The Real Thing: in this 1982 play, Stoppard seems to be asking rather than showing. What is the Real Thing in Love, in Art and in Life—and in writing too?
He opens with a metaphorical parallel. Max (Oliver Johnstone) sits building a house of cards when someone arrives. “Don’t slam the door,” he calls out, but too late. They have collapsed. It is his wife Charlotte (Susan Wokoma), supposedly returned from a trip to Geneva, except that her husband has discovered she didn’t take her passport. So where has she been? Who is she having an affair with?
In the next scene, she has a new husband, Henry (James McArdle), but it is not long before the penny drops and it is clear that that first scene was from a play, written by husband Henry, in which she was acting.

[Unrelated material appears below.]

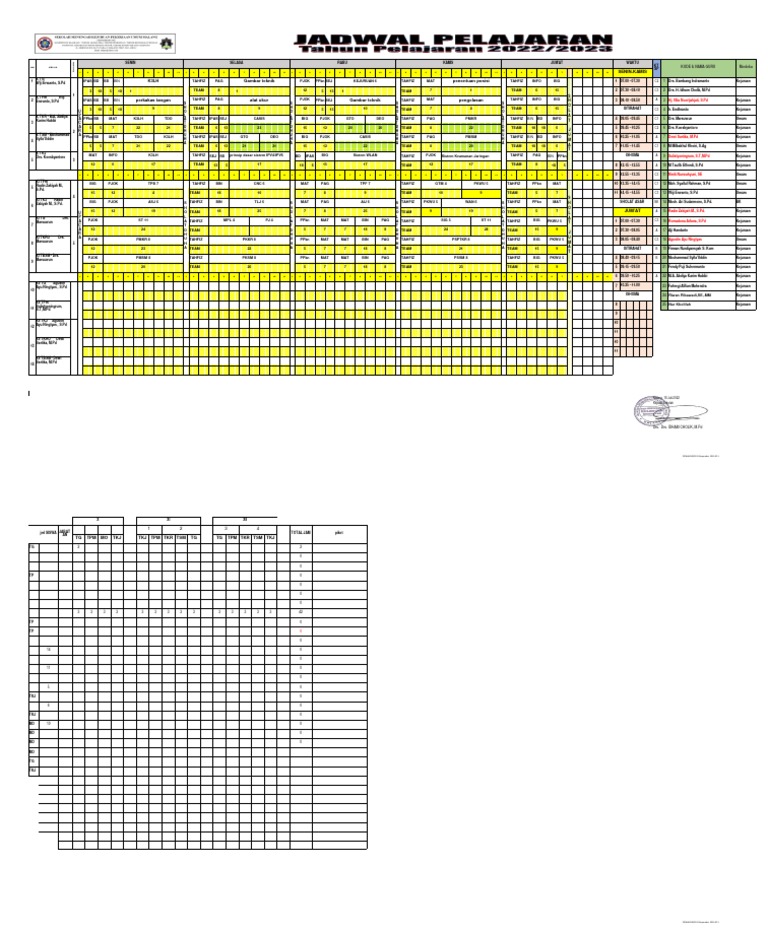 JADWAL PELAJARAN 22 -23.pdf | PDF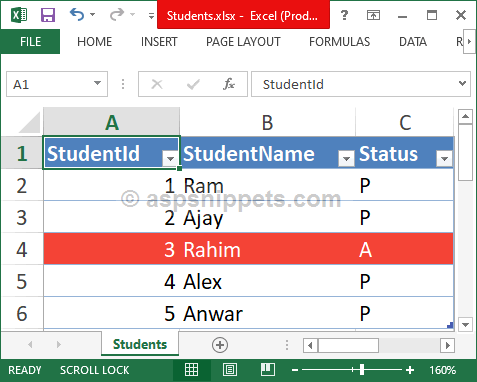 Change color of row in Excel with ClosedXml using C# and VB.Net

Henry is preoccupied with an upcoming appearing on Desert Island Discs. His taste is '60s pop, the Crystals’ ”Da Doo Ron Ron” would be top of his list, but he needs to think up classic stuff more in keeping with his image as a writer. When actor Max and his wife Annie (Bel Powley) appear, another level of duplicity is revealed. Henry is having an affair with Annie (who is also an actress).
So the interweaving of reality, supposition and the untrue continues. Living with Annie, Henry is jealous of the support she gives to soldier Brodie (Jack Ambrose), who is in prison for setting fire to a wreath at the Cenotaph, but is cornered into trying to polish a play the squaddie has written. It may be full of passionate protest, but though Henry can give it a verbal gloss, he still thinks it rubbish. He uses the metaphor of the careful complexity of creating a cricket bat to suggest the difference between it and good writing.
The Real Thing is itself finely crafted, clever and funny; it holds our attention but doesn’t involve our emotions. Protagonist Henry has the opposite problem in the play he is trying to write for Annie: he finds himself blocked by his feelings.
Director Max Webster keeps the production in period and, with Peter McKintosh’s panelled blue set and Richard Howell’s lighting, emphasises the play’s theatricality, a new room created by the choreographed rearrangement of furniture that sometimes edges on street dance, simple lowering in of a differently shaded lamp or a change in the height of the rectangle of light that mirror that on the stage below it, while downstage centre, a record player sits on the floor throughout.
James McArdle’s Henry seems a man trying to live up to his own self-importance, becoming increasingly vulnerable despite his pretensions. Bel Powley’s emotive, sometimes shrill Annie is against stability and is delightfully comic when, with Rilwan Abiola Owokoniran as fellow actor Billy, they turn a rehearsal of a scene from Ford’s ’Tis Pity She’s Whore into comic flirtation though their closeness, if purely Platonic.
Strong performances from Oliver Johnstone and Susan Wokoma as Max and Charlotte kick things off well, and they clearly distinguish their actors acting in the first scene from their characters in real life. Karise Hansen, in a brief scene as Charlotte and Henry’s daughter Debbie, counters his romanticism by declaring that marriage is a form of colonisation, and Jack Ambrose as Brodie (let out of prison) does little but turn them all against him.
It’s a stylish production, strongly acted, but it doesn’t find anything new to say.